Depuis le début de l’invasion russe en Ukraine, à défaut d’une implication militaire directe, les Etats membres de l’UE se sont efforcés d’utiliser pleinement l’arme économique contre la Russie, au travers des régimes de sanctions successifs, y compris le gel d’actifs financiers détenus par la Fédération de Russie et la Banque centrale russe en Europe. Ces actifs gelés s’élèvent environ à 250 Mds EUR, dont 210 Mds EUR sont détenus en Europe. Le débat sur l’usage des actifs russes gelés (frozen assets) prend une tournure juridiquement plus concrète depuis notre dernière analyse (ES 29/9/25).
- Fréquemment posée depuis le début du conflit, la question de la mobilisation des avoirs gelés était proche de trouver une première issue ce jeudi 23 octobre 2025.

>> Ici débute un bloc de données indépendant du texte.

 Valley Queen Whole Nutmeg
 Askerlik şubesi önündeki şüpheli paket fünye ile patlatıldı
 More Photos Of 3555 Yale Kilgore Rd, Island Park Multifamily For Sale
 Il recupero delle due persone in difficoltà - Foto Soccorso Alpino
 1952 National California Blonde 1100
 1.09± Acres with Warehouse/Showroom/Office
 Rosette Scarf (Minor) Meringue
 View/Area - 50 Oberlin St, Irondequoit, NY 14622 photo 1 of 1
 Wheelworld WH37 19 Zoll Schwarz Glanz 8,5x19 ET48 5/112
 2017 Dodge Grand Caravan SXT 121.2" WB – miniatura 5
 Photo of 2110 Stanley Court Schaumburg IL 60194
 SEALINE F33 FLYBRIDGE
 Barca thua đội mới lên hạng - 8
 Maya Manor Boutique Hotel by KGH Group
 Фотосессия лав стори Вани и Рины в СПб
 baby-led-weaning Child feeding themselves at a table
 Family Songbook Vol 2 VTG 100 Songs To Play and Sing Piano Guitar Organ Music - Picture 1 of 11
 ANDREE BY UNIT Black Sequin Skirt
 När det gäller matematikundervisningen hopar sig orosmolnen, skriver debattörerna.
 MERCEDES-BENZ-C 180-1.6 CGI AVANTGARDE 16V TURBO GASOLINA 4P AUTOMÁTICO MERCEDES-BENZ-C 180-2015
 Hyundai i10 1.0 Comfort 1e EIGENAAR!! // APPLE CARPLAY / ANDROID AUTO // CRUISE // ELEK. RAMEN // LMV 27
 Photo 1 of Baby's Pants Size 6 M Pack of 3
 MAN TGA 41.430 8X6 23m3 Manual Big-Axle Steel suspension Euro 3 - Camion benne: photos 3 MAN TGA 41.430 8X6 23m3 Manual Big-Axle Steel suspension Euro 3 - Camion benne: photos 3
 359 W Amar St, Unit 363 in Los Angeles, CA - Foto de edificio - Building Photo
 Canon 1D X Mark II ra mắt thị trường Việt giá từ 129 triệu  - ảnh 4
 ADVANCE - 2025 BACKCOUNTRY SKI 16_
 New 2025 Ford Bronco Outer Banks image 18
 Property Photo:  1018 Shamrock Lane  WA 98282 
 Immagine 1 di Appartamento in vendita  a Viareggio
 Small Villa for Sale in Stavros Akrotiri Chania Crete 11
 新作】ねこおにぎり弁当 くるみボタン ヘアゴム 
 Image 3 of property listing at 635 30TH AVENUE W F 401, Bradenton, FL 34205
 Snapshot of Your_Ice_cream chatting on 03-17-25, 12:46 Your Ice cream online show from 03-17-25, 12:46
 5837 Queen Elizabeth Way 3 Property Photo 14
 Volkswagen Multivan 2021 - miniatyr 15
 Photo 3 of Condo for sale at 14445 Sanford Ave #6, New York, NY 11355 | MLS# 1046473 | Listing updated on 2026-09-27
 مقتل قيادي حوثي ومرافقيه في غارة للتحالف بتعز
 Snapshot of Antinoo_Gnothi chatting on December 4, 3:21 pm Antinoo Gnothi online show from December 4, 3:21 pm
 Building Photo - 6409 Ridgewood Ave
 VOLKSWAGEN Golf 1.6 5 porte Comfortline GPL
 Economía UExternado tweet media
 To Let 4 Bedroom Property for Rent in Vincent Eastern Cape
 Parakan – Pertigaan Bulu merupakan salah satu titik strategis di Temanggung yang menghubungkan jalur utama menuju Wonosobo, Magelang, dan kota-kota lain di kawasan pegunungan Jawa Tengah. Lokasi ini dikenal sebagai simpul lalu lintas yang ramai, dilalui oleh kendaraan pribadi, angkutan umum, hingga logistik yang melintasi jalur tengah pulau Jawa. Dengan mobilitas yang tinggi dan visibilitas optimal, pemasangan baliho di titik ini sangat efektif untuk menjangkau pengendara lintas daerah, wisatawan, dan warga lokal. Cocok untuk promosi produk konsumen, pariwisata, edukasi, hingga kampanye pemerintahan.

- A l’occasion d’un sommet à Bruxelles, alors que la Commission européenne avait bon espoir de trouver un accord permettant d’utiliser ces avoirs, le Premier ministre de la Belgique, Bart de Wever, a mis un frein au projet de prêt de réparation d’un montant de 140 Mds EUR destiné à l’Ukraine.
- Il souhaite poser des conditions avant d’approfondir le projet :
- partage des risques financiers et juridiques par les Vingt-Sept, remboursement des fonds russes à la Russie si nécessaire et mobilisation des actifs russes détenus ailleurs dans l’UE.
- La majorié des actifs gelés sont détenus par Euroclear, chambre de compensation belge, ce qui expose la Belgique à des représailles juridiques de Moscou
- Les Belges craignent d’être condamnés et tenus de rembourser si un tribunal national ou international juge l’opération illégale.
- La Belgique redoute d’envoyer un signal dissuasif aux investisseurs de pays non alignés avec l’UE, notamment la Chine.
- Ils craignent de fragiliser la protection de la propriété souveraine et la confiance juridique qui soutient les flux de capitaux étrangers.
- Rappelons qu’il est question d’utiliser les produits des avoirs et non les investissements déposés avant l’invasion.
- La Commission a bien sûr annoncé qu’elle allait explorer la possibilité d’utiliser 25 milliards d’euros d’avoirs russes situés dans des établissements bancaires et financiers non belges, principalement en France et au Luxembourg.
- Ce report intervient alors que le conflit se prolonge inexorablement, intensifiant la pression sur les finances de l’Ukraine qui se retrouve exposée à un déficit budgétaire de 60 milliards de dollars sur les deux prochaines années.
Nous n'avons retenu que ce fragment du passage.